Mambas e cobras são da mesma família: Elapidae. Quando ameaçada, uma mamba recua, com as bocas abertas e o pescoço ligeiramente expandido ou achatado (formando um "capuz").

Histórias de mambas-negras que perseguem e atacam humanos são comuns, mas na verdade as cobras geralmente evitam o contato com humanos. Os casos mais aparentes de perseguição provavelmente são exemplos de onde as testemunhas confundiram a tentativa da cobra de se retirar para seu covil quando um humano está no caminho.[6] A mamba negra geralmente usa sua velocidade para escapar de ameaças, e os humanos, na verdade, são seus principais predadores, ao invés de suas presas.

 

Veneno

Todas as mambas são altamente venenosas. Seus venenos consistem principalmente de neurotoxinas, particularmente a dendrotoxina, que interfere com os canais de K+ dependentes de voltagem, causando paralisia e, possivelmente, morte pelo bloqueio de sinais dos nervos para os músculos. Além das neurotoxinas, também carregam cardiotoxinas e fasciculinas. Outros componentes podem incluir calcicludina, que é um componente conhecido do veneno da mamba-verde-oriental, e calciseptina, que é um componente do veneno da mamba-negra.

A toxicidade de espécimes individuais dentro da mesma espécie e subespécie pode variar muito com base em vários fatores, como região geográfica, clima e altitude.

Uma mordida pode ser fatal para humanos sem acesso a tratamento adequado, primeiros socorros e subsequente soro antiofídico, uma vez a toxina desativa os pulmões e o coração. Antes do soro antiveneno estar disponível, envenenamentos por mambas carregavam uma alta taxa de mortalidade. Mordidas de mamba-negra não tratadas têm uma taxa de mortalidade de 100%. Atualmente, todavia, as fatalidades tornaram-se muito mais raras devido à ampla disponibilidade do tratamento.

 

Toxinas

A toxina Mamba (ou dendrotoxina) consiste em vários componentes, com alvos diferentes. Exemplos são:

·         Dendrotoxina, que inibe os canais de K+ no nível pré e pós-sináptico no músculo liso intestinal. Também inibe os canais de K+ sensíveis ao Ca2+ do músculo esquelético de ratos‚ incorporado em bicamadas planas (Kd = 90 nM em 50 mM KCl).

·         Dendrotoxina 3, que inibe os receptores M4 de acetilcolina.

·         Dendrotoxina 7, comumente referido como toxina muscarínica 7 (MT7) inibe os receptores de acetilcolina M1.

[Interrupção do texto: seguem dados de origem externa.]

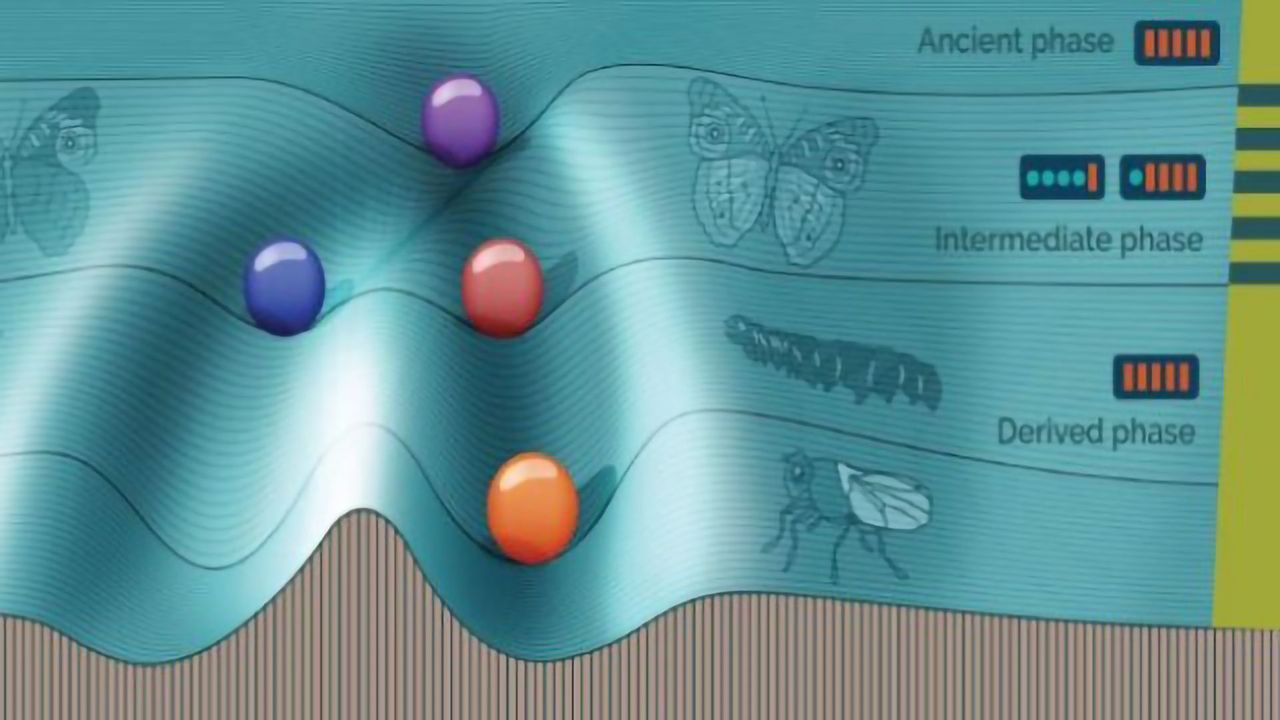 Simulating Evolution To Understand Phenotypic Switching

·         Dendrotoxina K, estruturalmente homólogo aos inibidores de proteinase do tipo Kunitz com atividade como um bloqueador seletivo de canais de potássio dependentes de voltagem

 

Taxonomia

Dendroaspis, deriva do grego antigo déndron (δένδρον), que significa "árvore", e aspis (ασπίς), que é entendido como "escudo", mas também denota "cobra" ou simplesmente "serpente", em particular "cobra com capuz (escudo)". O gênero foi descrito pela primeira vez pelo ornitólogo e herpetólogo alemão Hermann Schlegel em 1848. As evidências sugerem que Dendroaspis, Ophiophagus, Bungarus e Hemibungarus formam um clado Afro-Asiático de cobra não-coral.